“We have to ask ourselves who we want to be,” Attorney General Eric Schmitt told reporters following the hearing. “Do we want to be a nation that pressures women and families into believing the life of an individual with Down syndrome is not worth celebrating? Or do we believe that this diagnosis should not be an automatic death sentence and that we shouldn’t target an entire group of people simply because they have a certain trait?”
Schmitt’s office argued the case before the Eighth Circuit Court of Appeals, focusing the debate on provisions in the bill restricting abortions based solely on the diagnosis of Down syndrome. Schmitt said the angle was a relatively new issue before the court and argued the restriction emphasized all life is sacred.
Schmitt contrasted Missouri’s legislation with the Texas law allowed to take effect last month. That measure allows individuals to sue abortion providers and does not include a section regarding those diagnosed with Down syndrome.
Reproductive Health Services of Planned Parenthood of the St. Louis Region, the only abortion provider left in Missouri, initially sued, prohibiting HB 126 from going into effect. The clinic’s lawyers argued the bill, which also would restrict abortions after eight weeks, constituted a ban in the state and violated precedents set by the U.S. Supreme Court.
HB 126, signed into law by Gov. Mike Parson in 2019, included “nestled” components placing additional restrictions at 14, 18 and 20 weeks and did not allow for exemptions for rape or incest survivors. Violation of the measure would be a class B felony.

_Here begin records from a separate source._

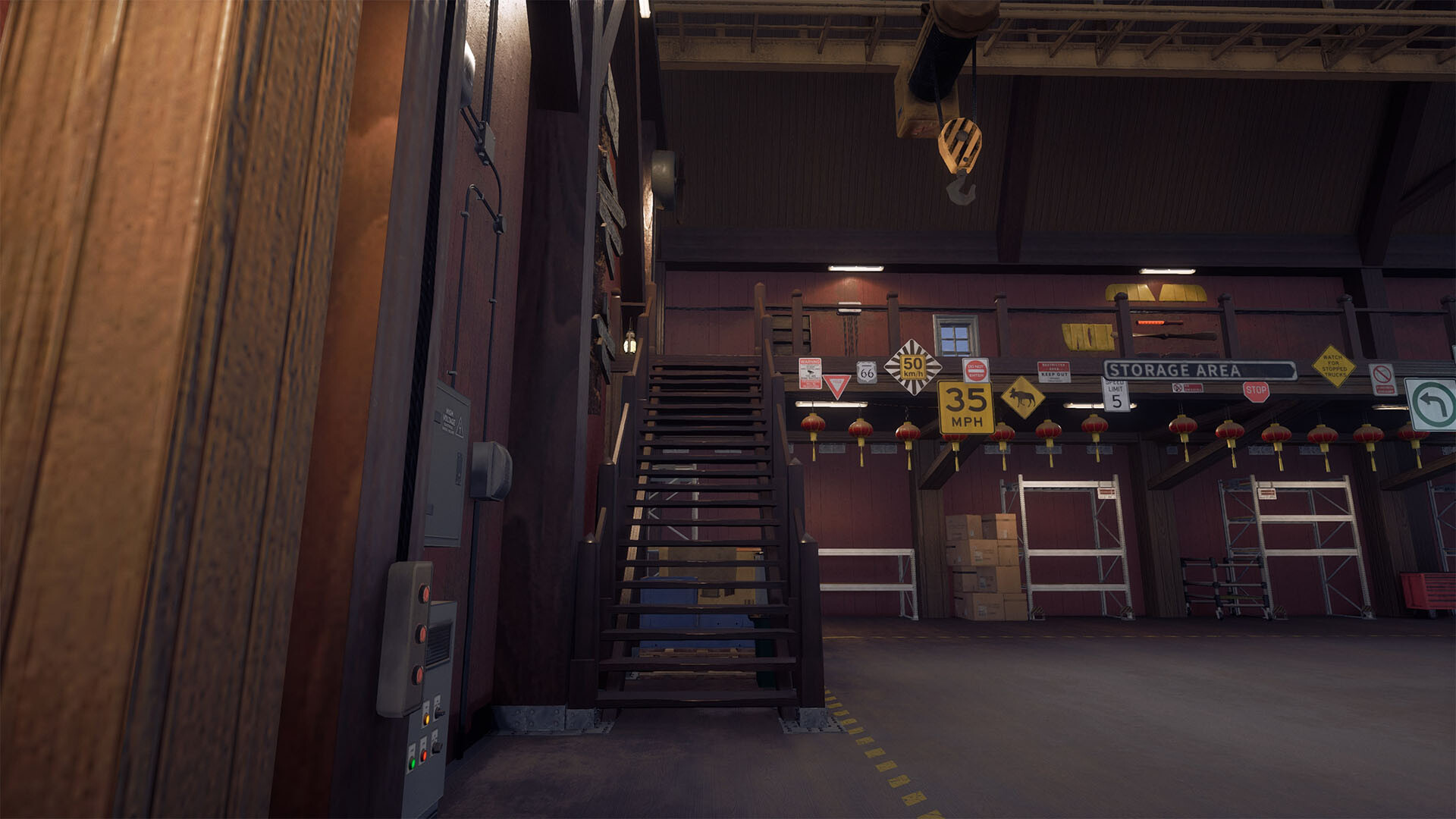 Gas Station Simulator - Airstrip DLC screenshot 8
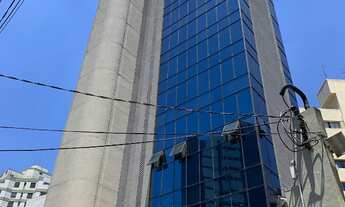 Imagem: CONJUNTO COMERCIAL A VENDA EM SP ACLIMAÇÃO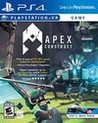 Apex Construct cover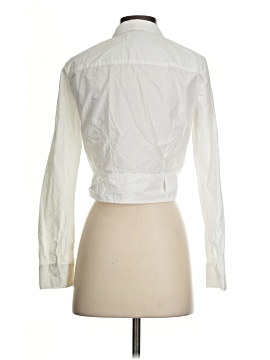 J.Crew Long Sleeve Blouse (view 2)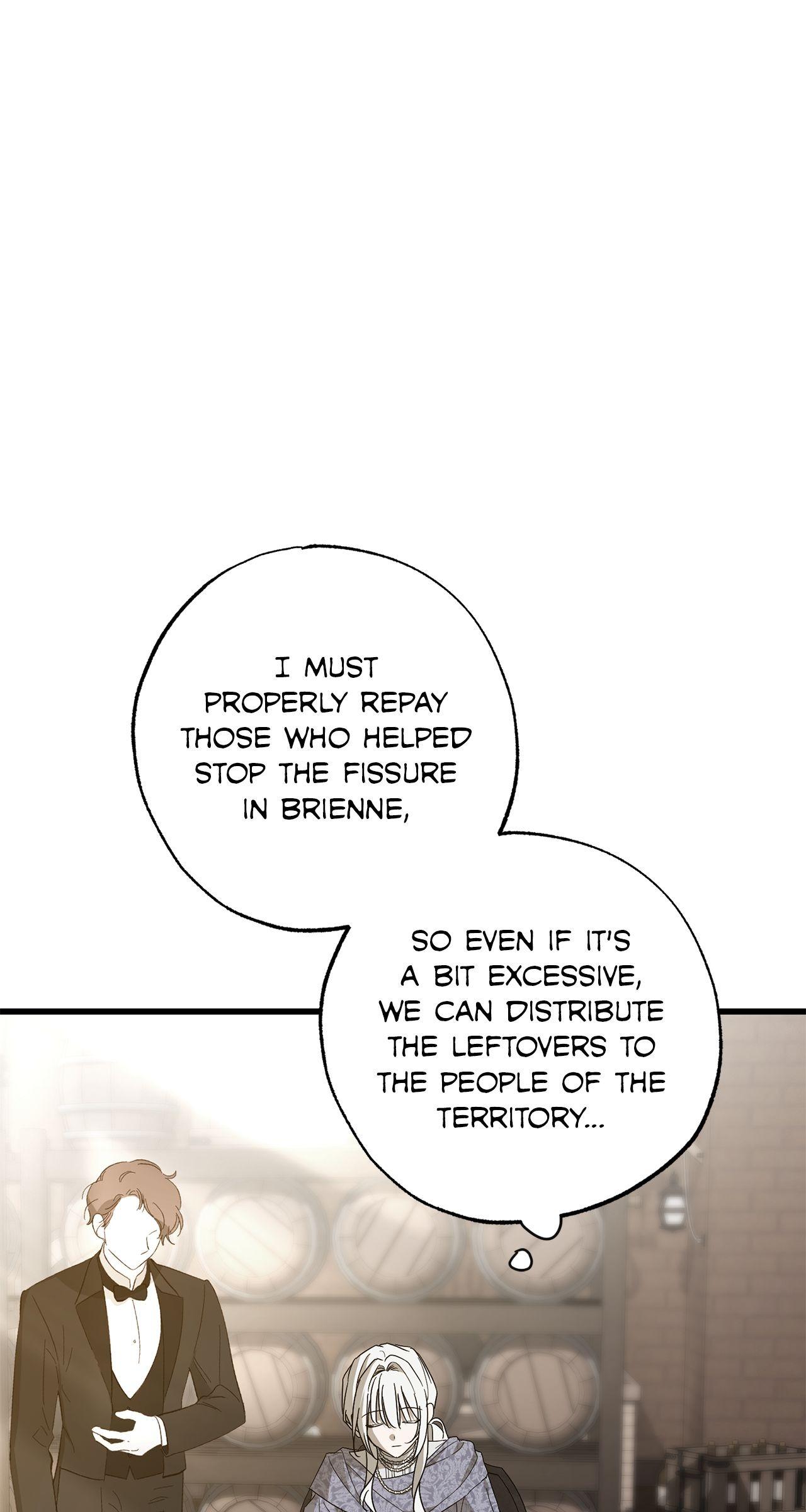 My Husband Who Hates Me Has Lost His Memories Chapter 103 page 7 - 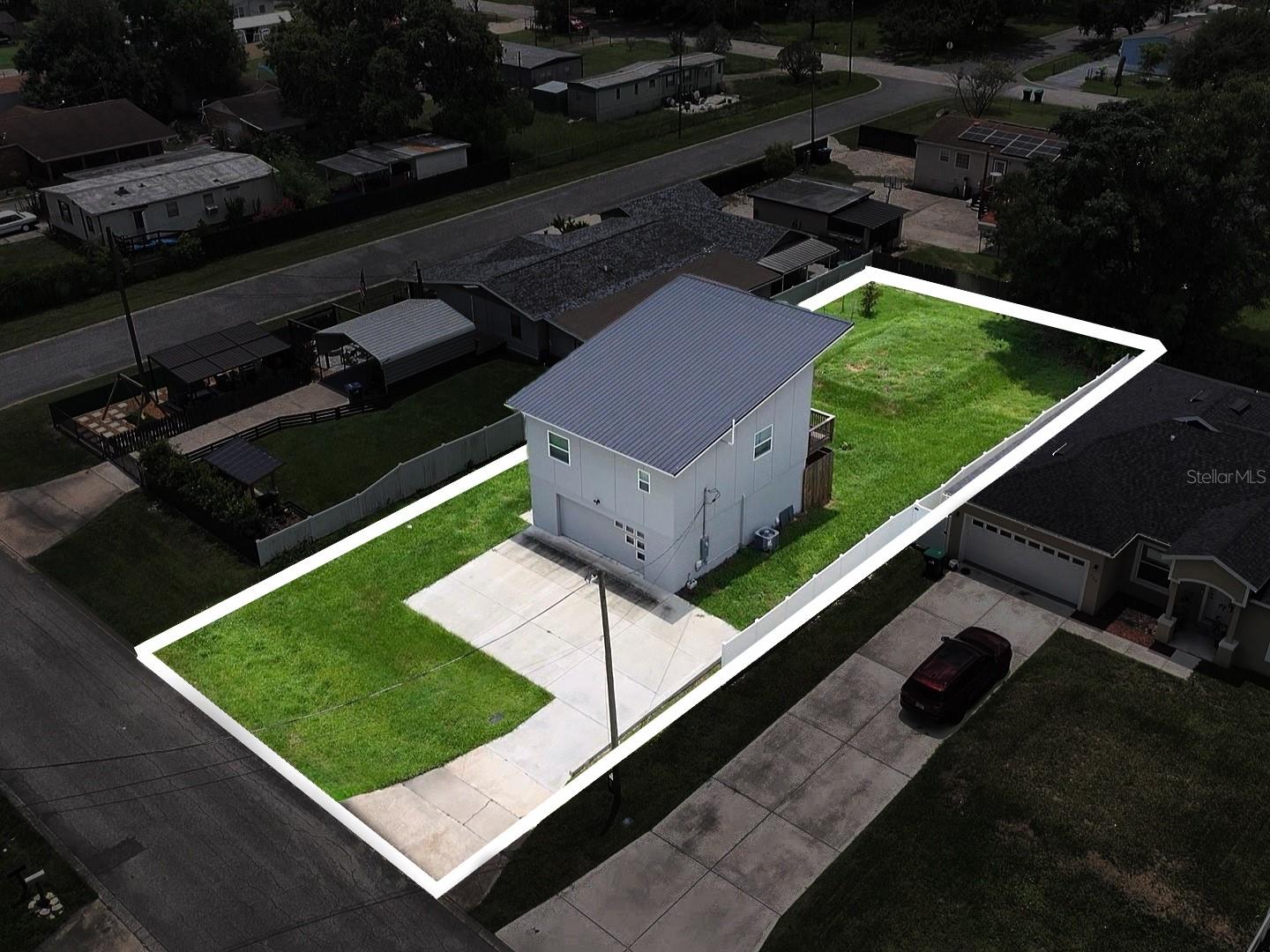 TAFT TOWN - Residential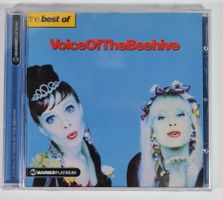 CD: VOICE OF THE BEEHIVE - The Best Of
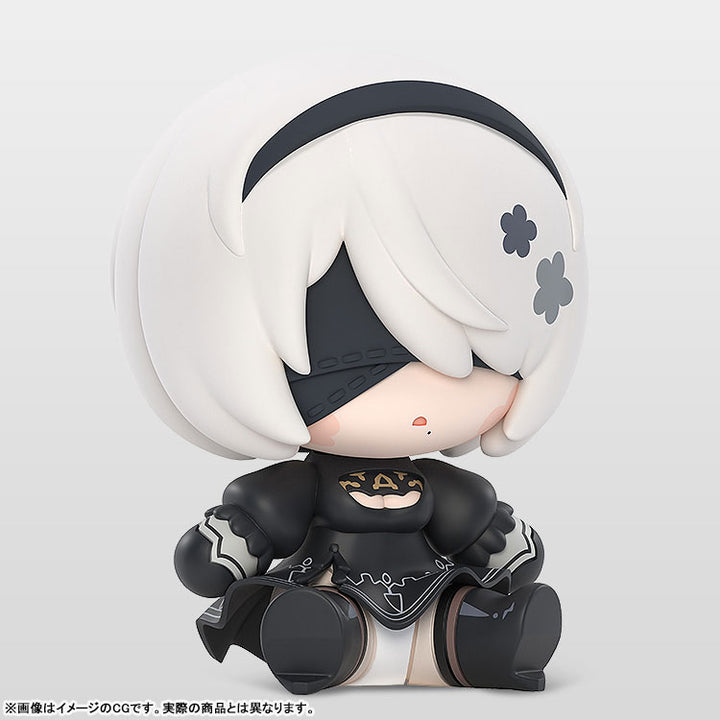 【決算セール対象！】 Huggy Good Smile 2B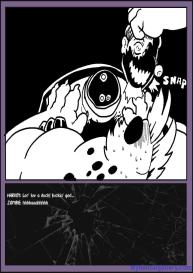 Monster Smash 1 #259
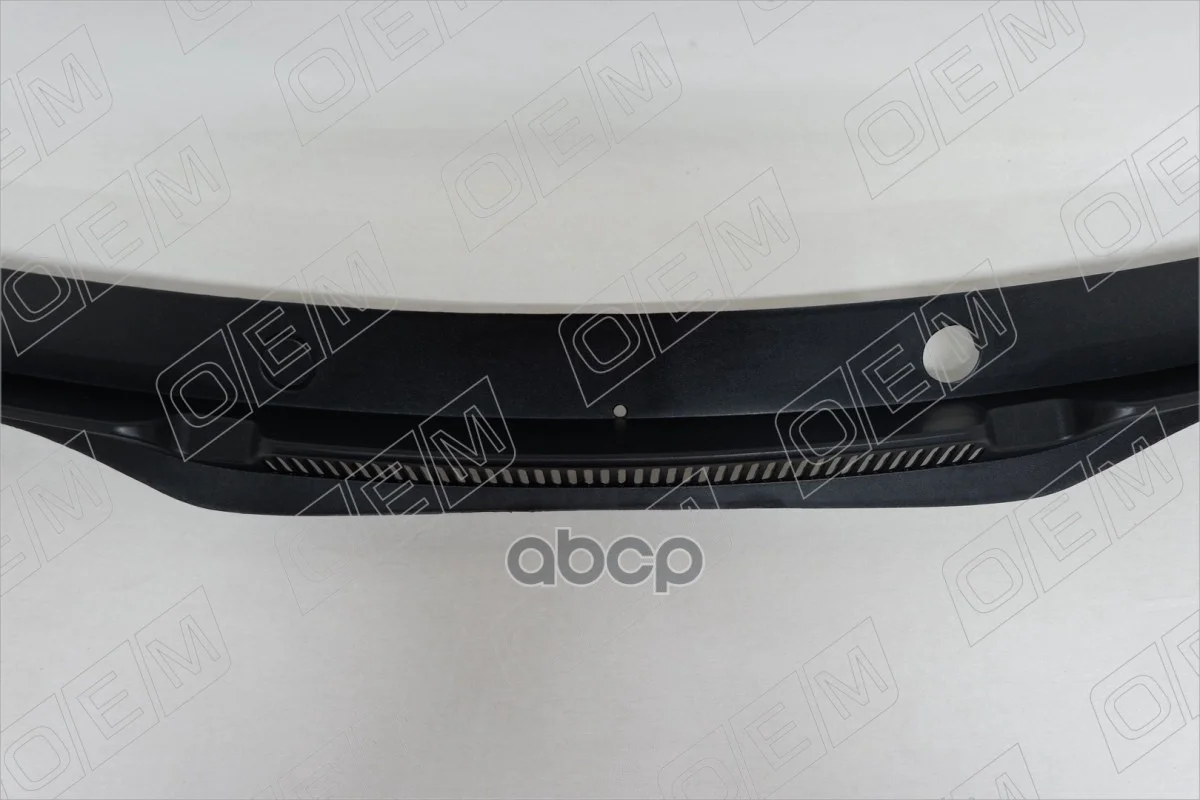 Жабо Volkswagen Polo 5 (2010-2020) OEM0017JBO - миниатюра 9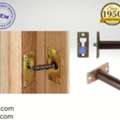 Chain Concealed Door Closer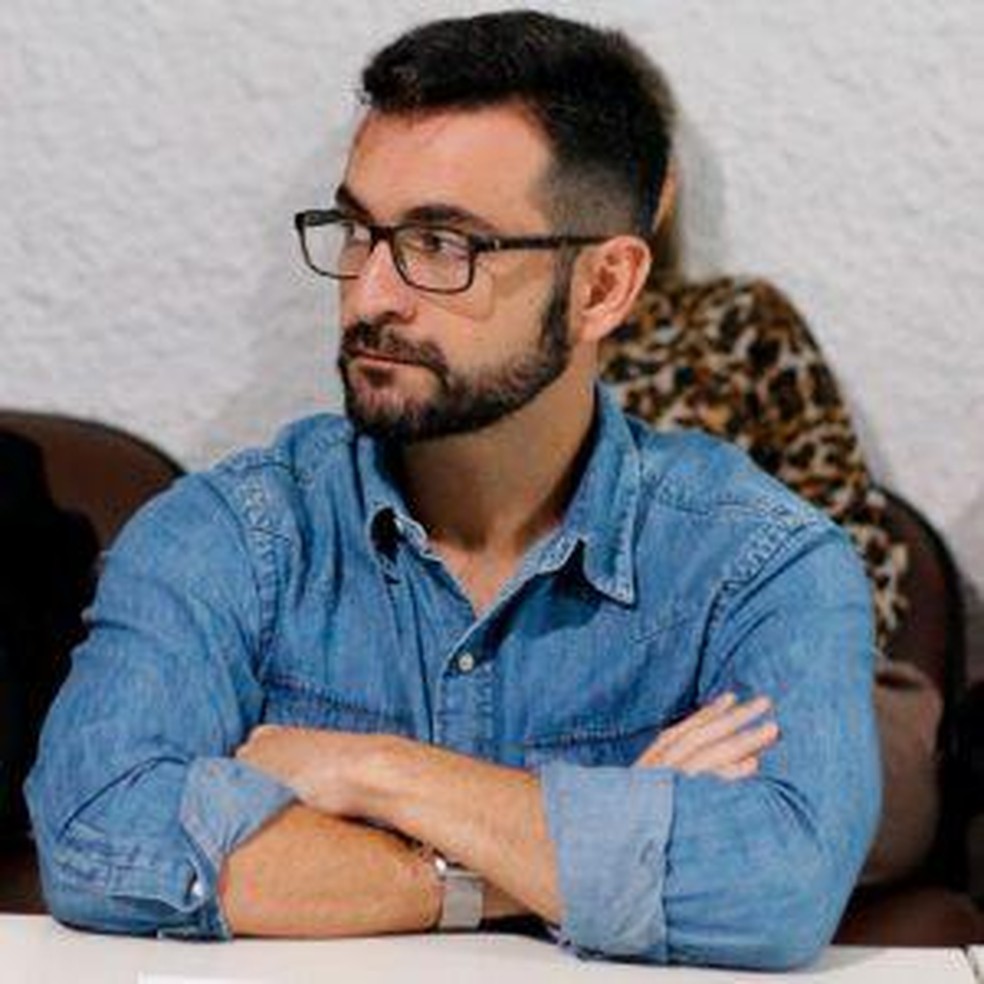 Palmeirense pode assumir Secretaria de Agricultura do Estado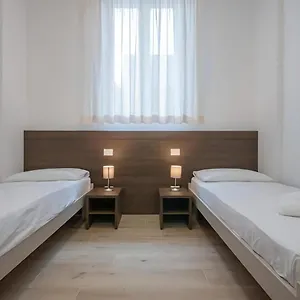Affittacamere Casa Sforza, Milano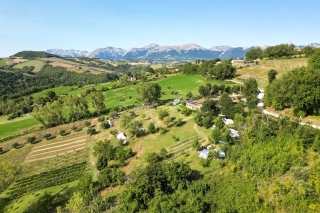 Contrada Pierdominici  Penna San Giovanni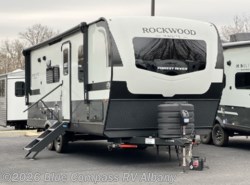 New 2026 Forest River Rockwood Mini Lite 2520BH available in Latham, New York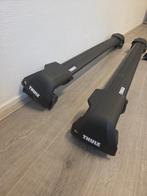 Thule WingBar Edge Black voor Audi a6/rs6 c7 dakdrager, Ophalen, Zo goed als nieuw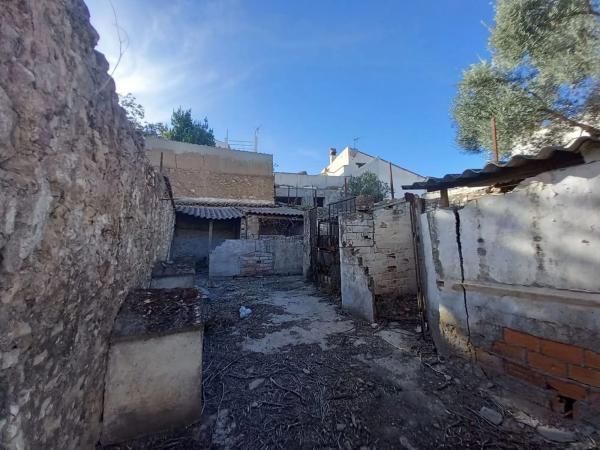 Terreno en San Francisco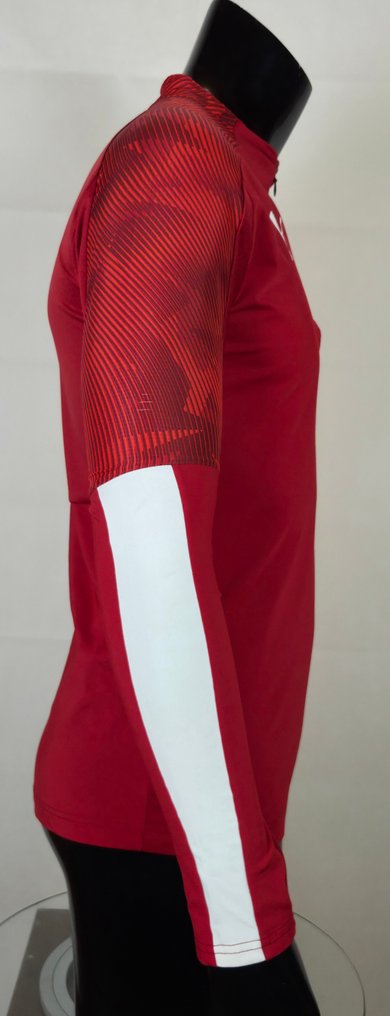 Melbourne City - A-League - 2019 - Joukkueasut #4.3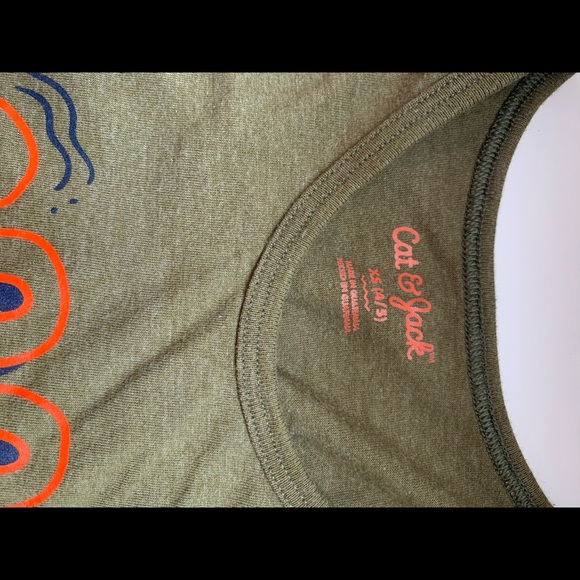 Boys 4T/5T - 5 for $25- TankTops - Diff Brands - Picture 8 of 16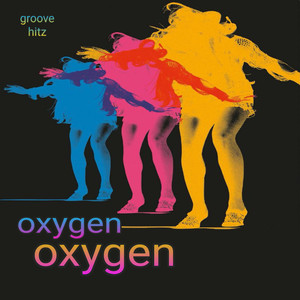 Oxygen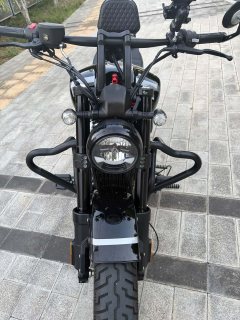 Benda Graystone 250 - ფოტო 4
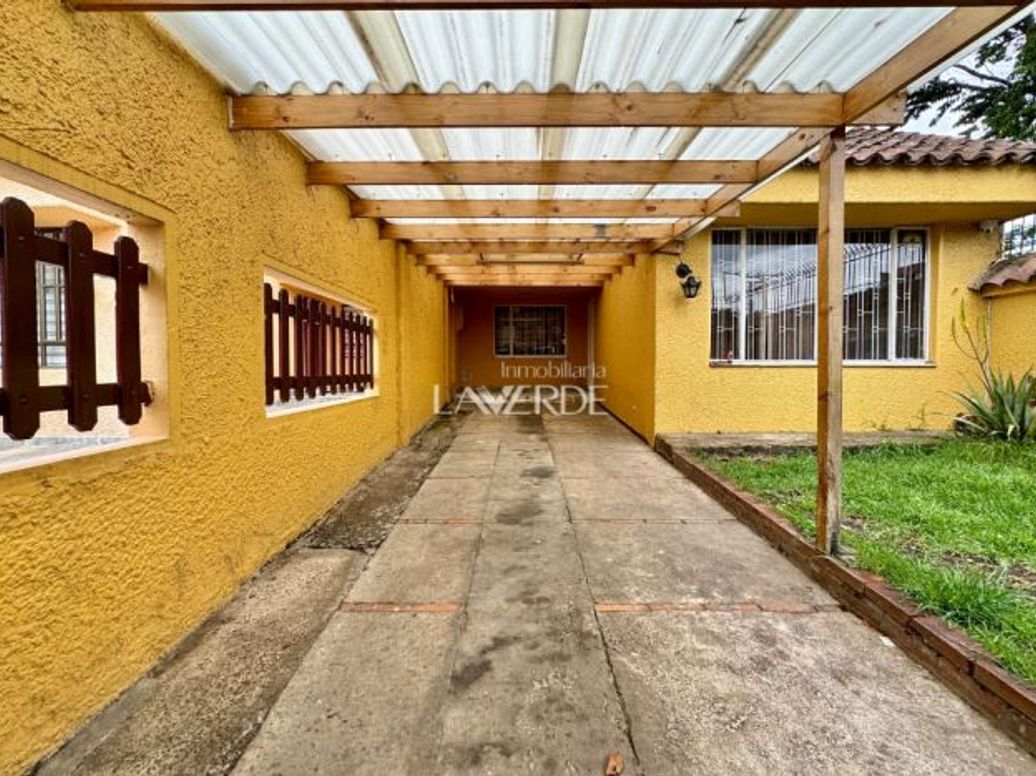 Casa de 4 alcobas en venta en Los Cedros, Bogotá, 250 m² · foto 4 de 20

A federal judge blocked the bill from being implemented the day before it was set to go into effect in 2019, a decision that was appealed to the Eighth Circuit Court of Appeals. A three-judge panel stymied the law in June, upholding the injunction based on the state’s argument
hat the language constituted bans on abortion.
Schmitt appealed the decision to the U.S. Supreme Court the following month. However, in a rare move, the appeals court granted a rehearing en banc on its own motion, meaning it would rehear the case as a full court.